In Cantabria there is no specific plan for the conservation of wolves, and one specimen is permitted to be shot per hunt. Conservationist groups have called on the regional government to clarify the situation because the Cantabrian group plays a “priceless” role in controlling wild ungulates, particularly deer, while helping to preserve the biodiversity of the Picos de Europa National Park.
“More objectivity needs to be applied to wolf management and less pressure exerted,” says Roque Ortega of Ecologists in Action in Soria. Castilla y León, for example, is attempting to adapt its 2008 conservation plan to the swinging judicial pendulum resulting from its approval. The group Ecologists in Action has complained that it opens the way for hunting south of the Duero, while the COAG farmers’ union appealed against the compensation system in place for losses of livestock.

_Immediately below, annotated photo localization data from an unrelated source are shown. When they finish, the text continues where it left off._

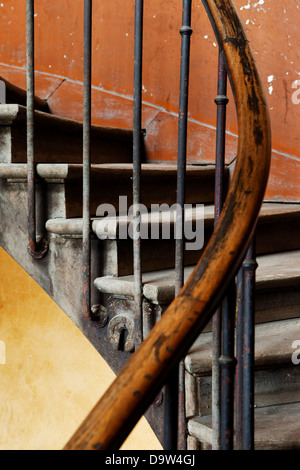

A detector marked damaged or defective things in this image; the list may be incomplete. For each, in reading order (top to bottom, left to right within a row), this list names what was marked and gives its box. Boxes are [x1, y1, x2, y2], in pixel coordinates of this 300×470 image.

rusty metal post [26, 0, 47, 258]
rusty metal post [212, 49, 229, 450]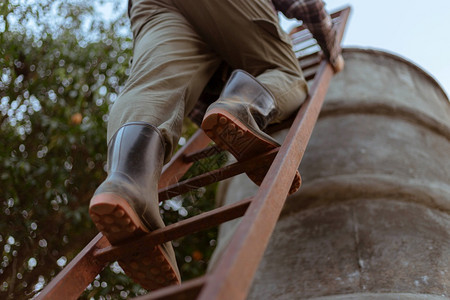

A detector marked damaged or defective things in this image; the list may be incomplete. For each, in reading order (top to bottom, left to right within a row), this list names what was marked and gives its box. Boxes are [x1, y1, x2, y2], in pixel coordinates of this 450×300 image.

rusty metal ladder [37, 7, 350, 300]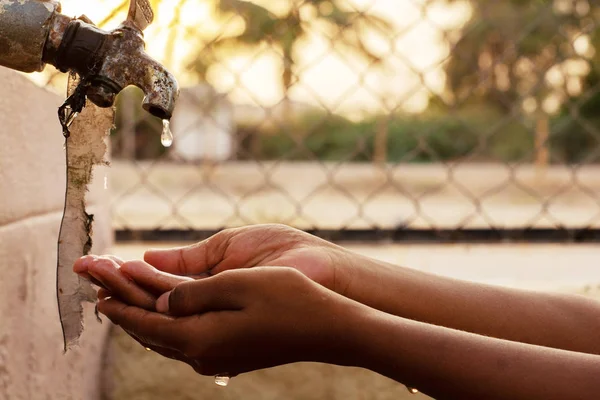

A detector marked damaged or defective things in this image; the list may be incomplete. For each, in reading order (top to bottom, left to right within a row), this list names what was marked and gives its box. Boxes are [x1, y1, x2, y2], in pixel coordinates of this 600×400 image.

rusty metal tap [42, 0, 178, 119]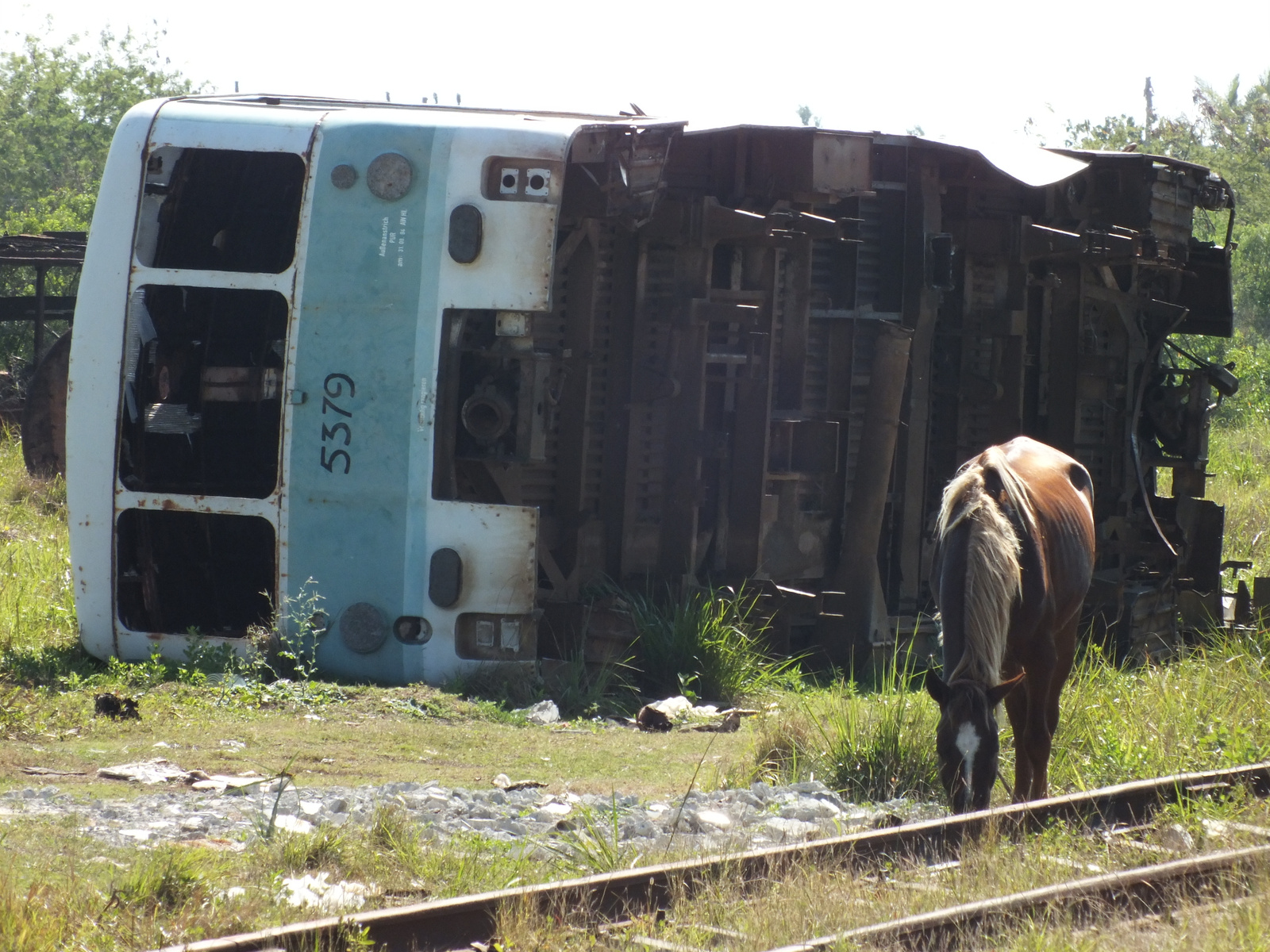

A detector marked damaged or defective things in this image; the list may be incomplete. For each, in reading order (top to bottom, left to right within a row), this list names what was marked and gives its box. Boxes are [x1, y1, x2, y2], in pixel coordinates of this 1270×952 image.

rusted metal undercarriage [432, 127, 1234, 665]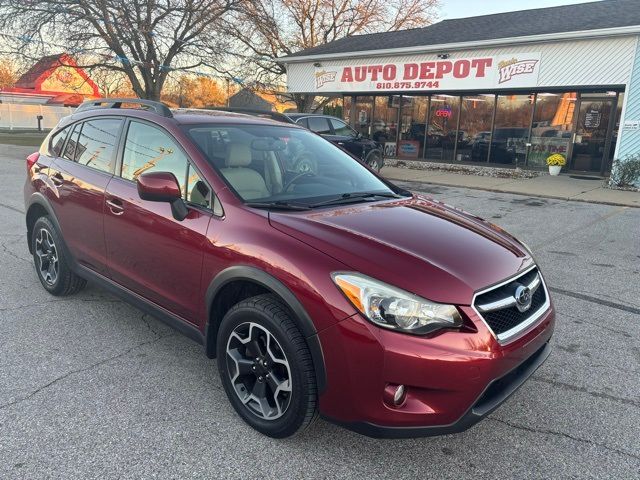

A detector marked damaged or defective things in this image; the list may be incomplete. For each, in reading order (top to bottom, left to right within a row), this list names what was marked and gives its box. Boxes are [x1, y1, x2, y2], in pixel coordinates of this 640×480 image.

parking lot crack [0, 336, 175, 410]
parking lot crack [488, 416, 636, 462]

Ecologists in Action notes that the 2008 document leans toward a tendency to increase hunting quotas. “More than a conservation plan, it is a plan to hunt wolves,” says Luis Oviedo, the organization’s lawyer. Despite the annual quota being increased from 100 to 138, it has never been reached. In 2012, for example, only 74 wolves were hunted. The reasons for the shortfall depend on who you ask. For conservationists, it is simple: because there are not as many wolves as thought. Hunters complain that the government has made things more difficult.
“We feel like we’re out on parole,” says Santiago Iturmendi, president of the Hunting Federation of Castilla y León. “Before you can go hunting you have to inform the Civil Guard and forestry agents… We don’t even want to hear talk of wolves being declared a hunting species in Segovia because it will make things very complicated for us.” Iturmendi believes that wolves should be hunted to prevent loss of livestock and to maintain the biodiversity of the ecosystem. He points out that wolf quotas are “very low” – up to three times less than for other large animals.

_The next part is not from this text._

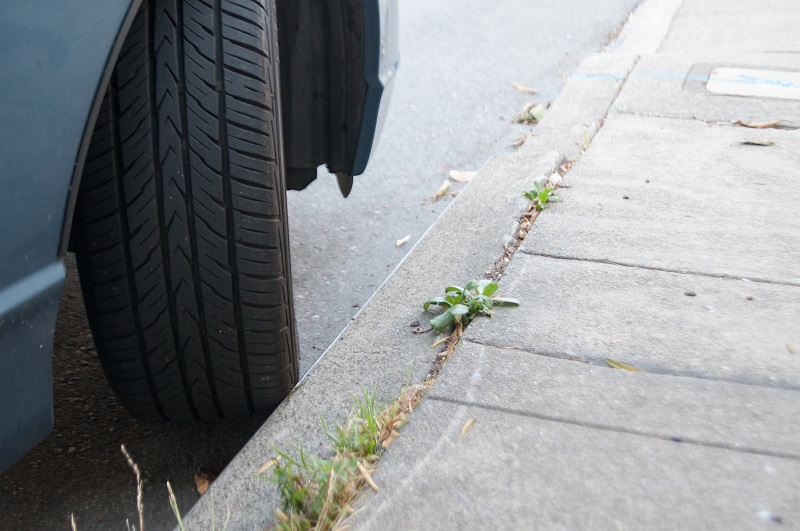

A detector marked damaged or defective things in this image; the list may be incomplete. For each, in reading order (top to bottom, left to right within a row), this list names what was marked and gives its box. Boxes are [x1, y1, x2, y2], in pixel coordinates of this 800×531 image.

crack in sidewalk [520, 251, 800, 288]
crack in sidewalk [428, 396, 800, 464]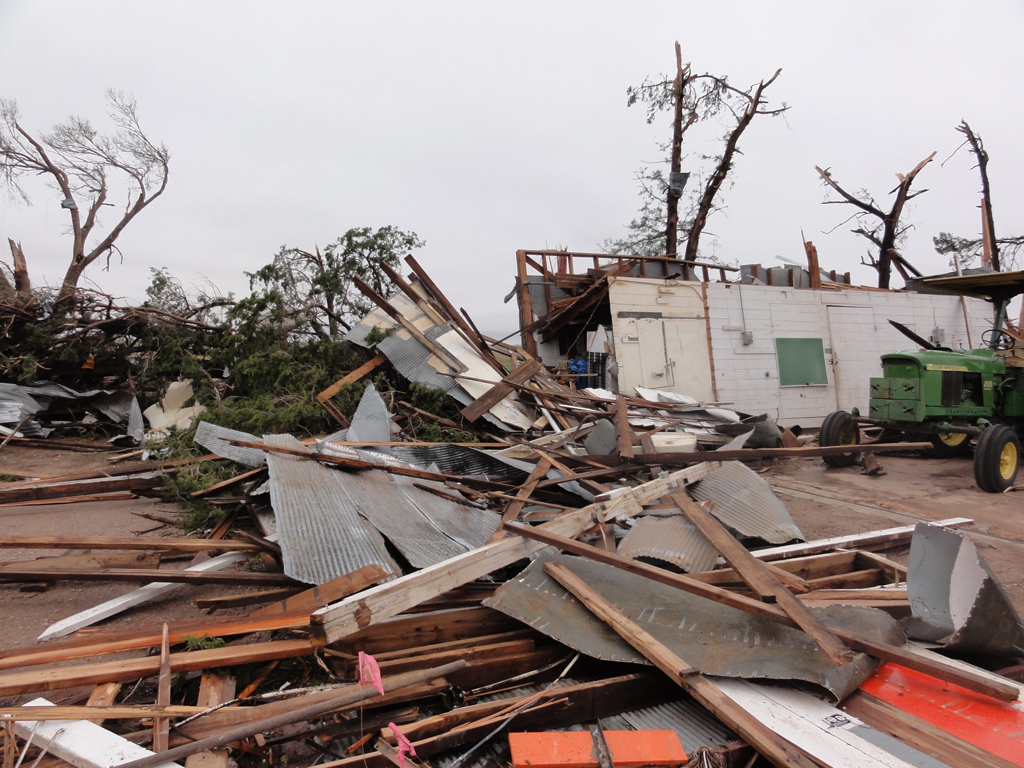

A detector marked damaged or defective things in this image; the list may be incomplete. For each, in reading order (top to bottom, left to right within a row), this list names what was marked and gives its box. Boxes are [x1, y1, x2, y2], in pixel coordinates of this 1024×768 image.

More than a conservation plan, it is a plan to hunt wolves”
Farmers in the province view changes to the management plan as recognition of the colonization of territories that have been wolf-free for a century, and are determined to fight their corner over compensation for attacks on their flocks and herds. “Not only are there losses through deaths but also injuries,” says COAG spokesman Aurelio Pérez, adding that stress-related illnesses, loss of young and low milk production are also triggered by wolf attacks. “Coexistence is impossible. Areas where wolves can live and where they can’t have to be clearly delineated, as does the overall control of the species.”

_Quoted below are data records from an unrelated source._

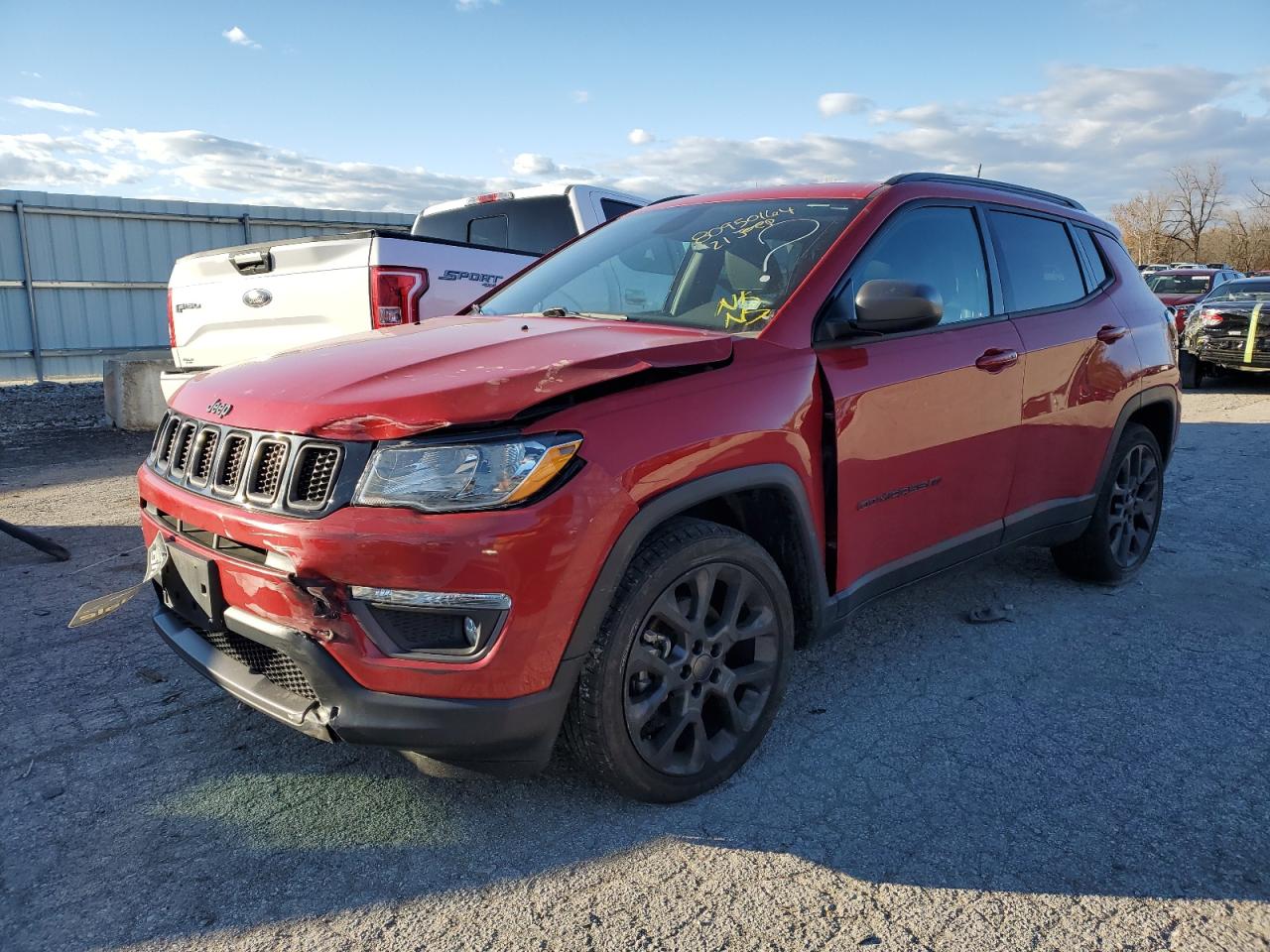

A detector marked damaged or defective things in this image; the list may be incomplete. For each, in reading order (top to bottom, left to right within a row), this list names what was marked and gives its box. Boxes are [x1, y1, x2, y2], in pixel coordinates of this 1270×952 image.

crumpled hood [167, 315, 734, 442]
broken headlight [353, 434, 579, 512]
damaged red jeep compass [137, 175, 1183, 801]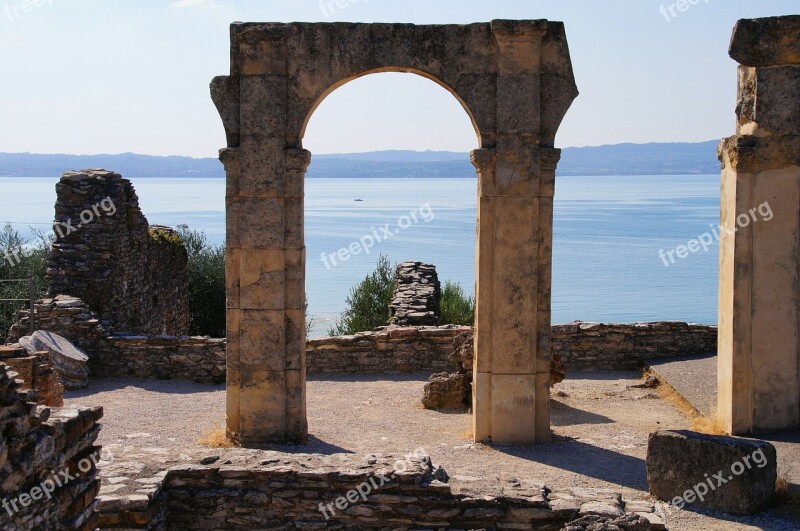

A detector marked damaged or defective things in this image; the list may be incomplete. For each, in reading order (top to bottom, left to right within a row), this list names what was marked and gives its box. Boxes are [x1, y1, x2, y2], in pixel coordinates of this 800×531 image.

broken wall stub [212, 19, 576, 444]
broken wall stub [720, 14, 800, 436]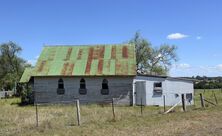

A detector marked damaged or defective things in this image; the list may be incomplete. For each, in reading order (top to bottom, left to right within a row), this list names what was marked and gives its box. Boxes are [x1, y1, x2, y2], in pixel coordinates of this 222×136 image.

rusty green roof [33, 43, 136, 76]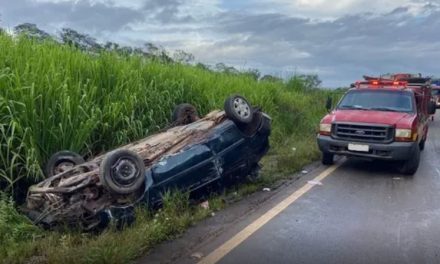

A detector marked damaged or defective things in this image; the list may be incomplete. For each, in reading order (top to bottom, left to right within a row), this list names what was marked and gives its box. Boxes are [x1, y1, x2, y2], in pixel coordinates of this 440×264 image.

overturned car [24, 94, 272, 229]
rusty car chassis [24, 95, 272, 231]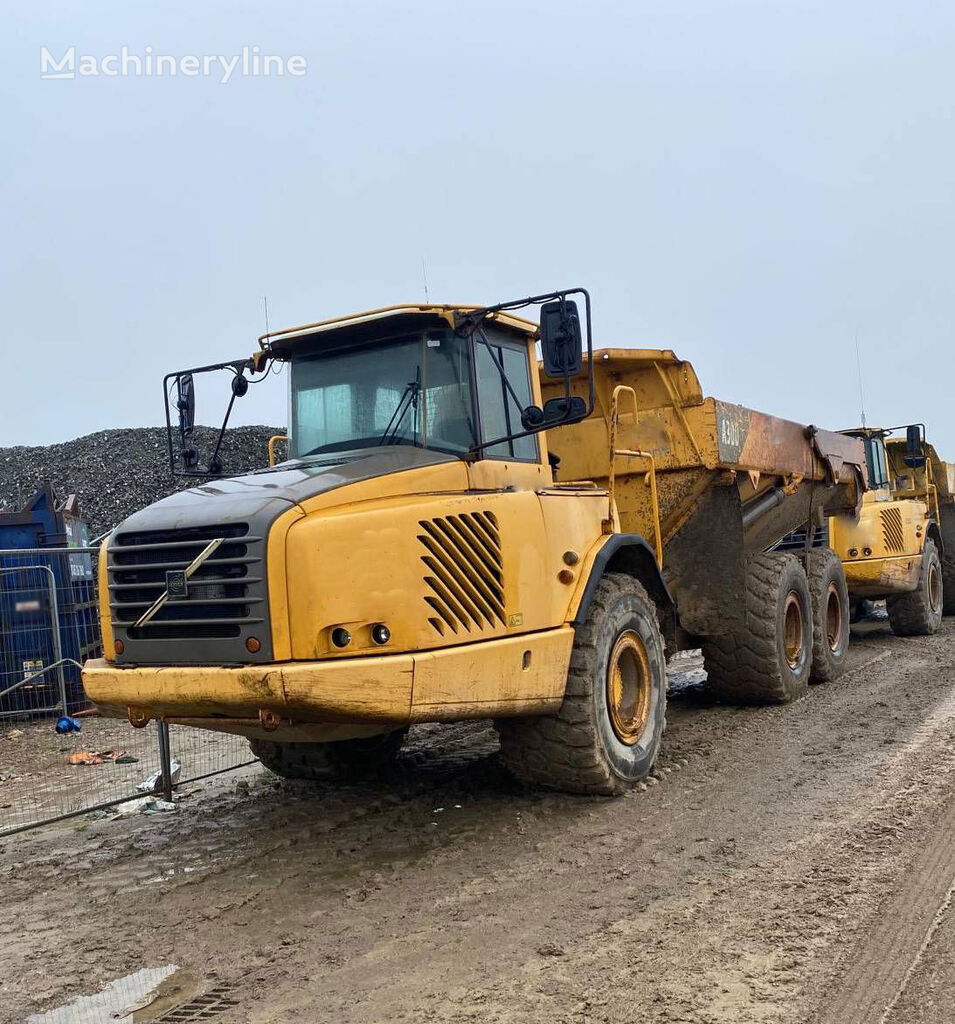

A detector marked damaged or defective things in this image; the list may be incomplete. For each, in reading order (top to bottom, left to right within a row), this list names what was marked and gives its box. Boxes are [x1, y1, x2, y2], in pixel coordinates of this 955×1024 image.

rusty dump body edge [544, 350, 863, 638]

Between 2005 and 2012 the regional government of Castilla y León paid out 1.7 million euros in compensation, but ecologists point out that attacks caused by wild dogs are often attributed to wolves instead.
Farmers’ tales of a super-population of wolves prove paradoxical for those that study the species. Andrés Ordiz, who has more than 20 years’ experience in the field, participated in the 2001 census in Castilla y León and points out that the large predators, by their very nature, have to be few in number because there cannot be more predators than prey. “No management plan takes into account the role wolves play within the ecosystem by controlling the number of species like deer and boar. Killing wolves also carries consequences.”
Farmers are also facing doubts over the true extent of wolf attacks – in Asturias an investigation into possible fraud against the compensation system is ongoing – and scrutiny of the subsidies they receive from the EU Common Agricultural Policy, which are granted on the premise of adherence to sustainable and respectful biodiversity practices.
Quotas for hunting population controls have never been reached in Spain
In the middle of the debate is wolf tourism, which generates around half a million euros in the La Culebra mountain range in Zamora province, the epicenter of the sector in Spain. Javier Talegón, a biologist who founded the ecotourism firm Llobu (wolf in Asturian), believes that the interest in viewing live wolves proves they can be profitable, and that formulas exist for peaceful coexistence between the creatures and humans. Whether we are genuinely ready to rewrite the fairytales is something only time will tell.